Ich steige über ein steiles Wegstück hinunter, dann führt der Weg dem steilen Hang entlang. Bald tut sich der Blick in die Arena von Geisshorn, Bockhorn und dem Saaser Calanda auf. Ich passiere die Alphütten von Zastia. Die Familie einer Schulfreundin hat hier oben eine Hütte, daran erinnere ich mich noch alten Zeiten. Ich war damals einmal zu Besuch hier oben, heute treffe ich auf keine Menschenseele.
Von Zastia steige ich sanft über grüne Matten vorbei an Kühen aufs Fürggli. Noch ein paar Meter weiter rauf und ich stehe auf dem Jägglisch Horn. Von hier oben hat man einen wunderbaren Ausblick über den ganzen Rätikon, den Prättigauer Höhenweg und das Prättigau auf der anderen Seite. Ich sitze eine ganze Weile auf der gemütlichen Bank und lasse die Landschaft und den Ausblick auf mich einwirken.
Beim folgenden Abstieg höre und sehe ich immer wieder Murmeltiere. Munggen, wie wir hier sagen. Bei der Aschariner Alp geniesse ich nochmals einen eindrücklichen Blick auf die Rätschenflue. Danach folgt ein längerer Abstieg auf Bergwegen und Alpstrassen nach St. Antönien. Man könnte die Abfahrt auch beschleunigen und ein Trottinett mieten, aber ich laufe. In St. Antönien geniesse ich noch eine Weile die Sonne auf einer Bank beim Steinbock-Spielplatz, da an Hotel-Ruhetagen erst um 17 Uhr eingecheckt werden kann. Meine erste Nacht verbringe ich für meine Verhältnisse luxuriös im gemütlichen Hotel Rhätia mit seinen charmant-urchigen Zimmer.

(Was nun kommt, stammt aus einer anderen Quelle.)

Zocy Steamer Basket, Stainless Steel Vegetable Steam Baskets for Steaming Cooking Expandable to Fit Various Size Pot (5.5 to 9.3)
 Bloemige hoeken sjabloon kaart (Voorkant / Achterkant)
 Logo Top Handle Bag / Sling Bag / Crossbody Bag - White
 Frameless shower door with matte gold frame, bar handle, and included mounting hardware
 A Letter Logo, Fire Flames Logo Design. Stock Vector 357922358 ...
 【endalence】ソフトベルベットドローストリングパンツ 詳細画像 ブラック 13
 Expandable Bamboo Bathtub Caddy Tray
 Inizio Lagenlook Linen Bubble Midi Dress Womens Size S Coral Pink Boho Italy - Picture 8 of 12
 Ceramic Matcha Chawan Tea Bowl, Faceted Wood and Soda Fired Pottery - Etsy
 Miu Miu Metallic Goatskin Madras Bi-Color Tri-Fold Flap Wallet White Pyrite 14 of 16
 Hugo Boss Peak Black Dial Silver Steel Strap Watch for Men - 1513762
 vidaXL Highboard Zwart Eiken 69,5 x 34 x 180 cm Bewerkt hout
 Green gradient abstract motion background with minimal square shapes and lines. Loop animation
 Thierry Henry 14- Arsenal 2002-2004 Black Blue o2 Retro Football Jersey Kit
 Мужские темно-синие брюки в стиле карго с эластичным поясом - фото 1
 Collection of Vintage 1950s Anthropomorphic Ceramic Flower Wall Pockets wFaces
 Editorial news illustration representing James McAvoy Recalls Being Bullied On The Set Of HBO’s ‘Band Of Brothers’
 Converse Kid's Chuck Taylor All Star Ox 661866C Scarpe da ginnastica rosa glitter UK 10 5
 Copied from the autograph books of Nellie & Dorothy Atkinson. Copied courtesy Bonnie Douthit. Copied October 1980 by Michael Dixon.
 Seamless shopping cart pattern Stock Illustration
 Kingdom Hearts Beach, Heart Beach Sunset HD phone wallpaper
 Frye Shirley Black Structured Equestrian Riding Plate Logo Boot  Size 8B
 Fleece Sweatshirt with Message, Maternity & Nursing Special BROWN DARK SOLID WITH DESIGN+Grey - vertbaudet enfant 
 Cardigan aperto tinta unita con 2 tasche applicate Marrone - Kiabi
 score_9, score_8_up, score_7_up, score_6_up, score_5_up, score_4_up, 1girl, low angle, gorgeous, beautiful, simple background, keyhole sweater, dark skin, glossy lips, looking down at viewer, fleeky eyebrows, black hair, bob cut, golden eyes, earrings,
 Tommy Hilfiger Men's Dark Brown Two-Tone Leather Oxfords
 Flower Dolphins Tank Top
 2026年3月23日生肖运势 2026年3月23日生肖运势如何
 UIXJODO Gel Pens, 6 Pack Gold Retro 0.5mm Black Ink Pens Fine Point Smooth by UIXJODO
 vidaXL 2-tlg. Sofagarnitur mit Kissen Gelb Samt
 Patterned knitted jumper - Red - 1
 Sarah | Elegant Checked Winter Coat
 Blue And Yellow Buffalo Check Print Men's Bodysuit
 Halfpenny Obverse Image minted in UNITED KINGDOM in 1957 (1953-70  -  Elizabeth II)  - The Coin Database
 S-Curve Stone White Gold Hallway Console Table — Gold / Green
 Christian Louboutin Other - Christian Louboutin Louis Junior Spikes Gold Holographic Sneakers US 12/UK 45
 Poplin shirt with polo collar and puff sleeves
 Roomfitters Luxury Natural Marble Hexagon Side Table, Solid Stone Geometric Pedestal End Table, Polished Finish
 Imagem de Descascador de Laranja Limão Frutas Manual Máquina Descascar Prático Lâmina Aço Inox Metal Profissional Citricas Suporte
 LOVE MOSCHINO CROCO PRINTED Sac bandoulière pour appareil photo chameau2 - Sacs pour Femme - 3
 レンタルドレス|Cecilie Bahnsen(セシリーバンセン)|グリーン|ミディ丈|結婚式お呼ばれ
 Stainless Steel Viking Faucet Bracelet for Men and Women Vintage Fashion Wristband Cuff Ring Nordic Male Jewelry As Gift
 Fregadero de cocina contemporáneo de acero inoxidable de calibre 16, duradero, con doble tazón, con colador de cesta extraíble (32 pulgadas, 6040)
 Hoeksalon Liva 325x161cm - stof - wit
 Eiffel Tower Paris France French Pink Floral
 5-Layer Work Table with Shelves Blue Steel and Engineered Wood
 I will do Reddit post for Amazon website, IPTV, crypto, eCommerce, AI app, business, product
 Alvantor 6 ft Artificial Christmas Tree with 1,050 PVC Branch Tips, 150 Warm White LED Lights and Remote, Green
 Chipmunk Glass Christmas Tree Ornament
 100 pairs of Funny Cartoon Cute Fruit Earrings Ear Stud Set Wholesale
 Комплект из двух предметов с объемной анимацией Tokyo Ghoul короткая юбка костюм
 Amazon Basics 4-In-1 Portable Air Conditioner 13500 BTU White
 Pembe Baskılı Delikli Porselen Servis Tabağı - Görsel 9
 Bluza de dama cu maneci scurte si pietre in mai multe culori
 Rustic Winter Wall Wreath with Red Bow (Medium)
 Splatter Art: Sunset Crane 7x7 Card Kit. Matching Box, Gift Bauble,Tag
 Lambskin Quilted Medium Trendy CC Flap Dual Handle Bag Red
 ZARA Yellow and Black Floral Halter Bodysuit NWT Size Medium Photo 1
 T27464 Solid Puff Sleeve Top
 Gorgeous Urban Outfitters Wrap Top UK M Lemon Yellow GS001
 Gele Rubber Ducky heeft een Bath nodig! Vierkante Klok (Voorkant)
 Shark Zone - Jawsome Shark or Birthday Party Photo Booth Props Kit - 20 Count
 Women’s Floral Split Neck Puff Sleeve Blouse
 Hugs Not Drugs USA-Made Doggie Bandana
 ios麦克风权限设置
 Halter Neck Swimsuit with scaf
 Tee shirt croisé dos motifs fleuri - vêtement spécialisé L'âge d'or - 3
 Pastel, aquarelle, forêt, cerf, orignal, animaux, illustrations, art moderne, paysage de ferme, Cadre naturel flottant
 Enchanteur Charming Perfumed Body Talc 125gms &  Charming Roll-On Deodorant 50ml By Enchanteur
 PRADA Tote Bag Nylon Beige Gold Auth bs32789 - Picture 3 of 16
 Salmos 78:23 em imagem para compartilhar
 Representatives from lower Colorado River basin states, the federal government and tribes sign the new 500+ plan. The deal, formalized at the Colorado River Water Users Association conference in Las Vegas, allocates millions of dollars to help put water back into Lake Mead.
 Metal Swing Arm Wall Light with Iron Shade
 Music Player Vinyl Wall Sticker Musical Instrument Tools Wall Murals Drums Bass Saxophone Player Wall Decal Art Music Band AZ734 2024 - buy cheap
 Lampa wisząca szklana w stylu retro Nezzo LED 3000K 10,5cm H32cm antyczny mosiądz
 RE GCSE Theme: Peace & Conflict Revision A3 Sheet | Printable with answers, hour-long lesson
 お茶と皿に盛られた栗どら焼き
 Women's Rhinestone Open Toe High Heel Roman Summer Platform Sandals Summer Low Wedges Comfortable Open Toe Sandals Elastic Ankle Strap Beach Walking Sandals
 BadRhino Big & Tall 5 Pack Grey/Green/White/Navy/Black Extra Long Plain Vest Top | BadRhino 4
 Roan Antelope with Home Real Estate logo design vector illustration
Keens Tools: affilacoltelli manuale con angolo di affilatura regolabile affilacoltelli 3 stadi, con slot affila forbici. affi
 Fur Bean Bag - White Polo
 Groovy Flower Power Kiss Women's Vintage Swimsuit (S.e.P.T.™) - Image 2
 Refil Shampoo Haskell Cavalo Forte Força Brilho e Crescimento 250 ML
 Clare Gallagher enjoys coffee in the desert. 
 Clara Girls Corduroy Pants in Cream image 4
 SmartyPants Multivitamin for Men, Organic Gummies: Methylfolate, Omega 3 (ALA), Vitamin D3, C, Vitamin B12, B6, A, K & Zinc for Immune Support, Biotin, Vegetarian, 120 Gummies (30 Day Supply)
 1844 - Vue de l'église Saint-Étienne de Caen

St. Antönien ist eine ursprünglich erhaltene und typische Walser Streusiedlung. Die Kirche und ein paar Häuser bilden einen kleinen Dorfkern, die restlichen Höfe und Häuser liegen verstreut an den grünen Hängen. St. Antönien ist auch eines der ersten Bergsteigerdörfer der Schweiz. Bergsteigerdörfer zeichnen sich aus durch Kleinheit und Ruhe sowie die vielfältigen Bergsportaktivitäten, die in der Nähe erlebt werden können.
Etappe 02: St. Antönien – Uf den Sätzli
Ich starte den Tag gut gestärkt von einem leckeren Frühstück. Zuerst führt der Weg der Strasse entlang, dann biegt er in den Hang ab. Nach einem kurzen Aufstieg erreiche ich Partnunstafel. Hier könnte man im nostalgischen Berghaus Sulzfluh übernachten.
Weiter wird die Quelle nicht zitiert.